*** Source material Section Begins ***

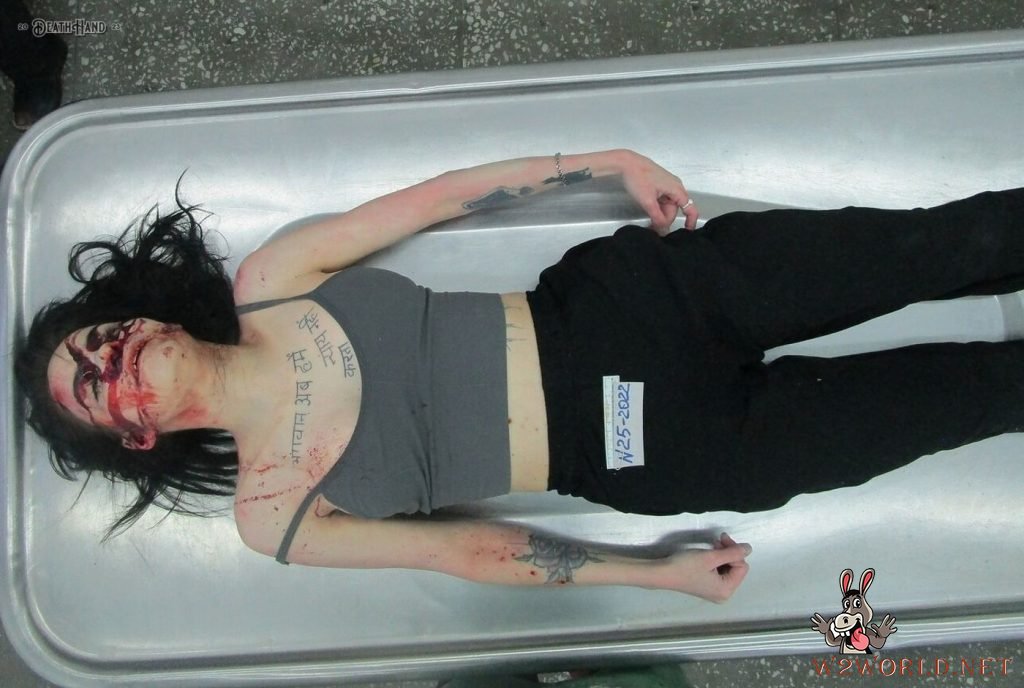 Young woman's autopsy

*** Source material Section Ends ***
*** Source material Section Begins ***

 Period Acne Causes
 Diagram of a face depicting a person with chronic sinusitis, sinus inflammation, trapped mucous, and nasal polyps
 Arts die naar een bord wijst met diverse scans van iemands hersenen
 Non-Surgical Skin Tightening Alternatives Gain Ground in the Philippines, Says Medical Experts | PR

*** Source material Section Ends ***

Task goal - From the records above, repeat exactly the lines from the one with "Period Acne Causes" through the one with "Non-Surgical Skin Tightening", both included.

Your response -
 Period Acne Causes
 Diagram of a face depicting a person with chronic sinusitis, sinus inflammation, trapped mucous, and nasal polyps
 Arts die naar een bord wijst met diverse scans van iemands hersenen
 Non-Surgical Skin Tightening Alternatives Gain Ground in the Philippines, Says Medical Experts | PR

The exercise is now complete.